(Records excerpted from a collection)
**********

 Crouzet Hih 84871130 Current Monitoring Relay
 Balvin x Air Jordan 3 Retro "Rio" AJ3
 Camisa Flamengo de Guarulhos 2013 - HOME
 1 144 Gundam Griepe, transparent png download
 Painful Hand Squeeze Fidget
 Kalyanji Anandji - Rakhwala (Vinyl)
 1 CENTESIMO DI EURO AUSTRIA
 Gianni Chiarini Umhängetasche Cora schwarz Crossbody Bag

**********

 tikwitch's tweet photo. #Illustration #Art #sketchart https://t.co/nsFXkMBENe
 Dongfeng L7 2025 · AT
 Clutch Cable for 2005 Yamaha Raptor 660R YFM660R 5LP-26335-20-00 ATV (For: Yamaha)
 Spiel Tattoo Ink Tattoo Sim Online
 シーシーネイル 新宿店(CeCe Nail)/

**********

What to produce
Look back at the entries above and repeat, unchanged, every line from the line holding "Camisa Flamengo de Guarulhos 2013 - HOME" through the line holding "Gianni Chiarini Umhängetasche".

Problem solution
 Camisa Flamengo de Guarulhos 2013 - HOME
 1 144 Gundam Griepe, transparent png download
 Painful Hand Squeeze Fidget
 Kalyanji Anandji - Rakhwala (Vinyl)
 1 CENTESIMO DI EURO AUSTRIA
 Gianni Chiarini Umhängetasche Cora schwarz Crossbody Bag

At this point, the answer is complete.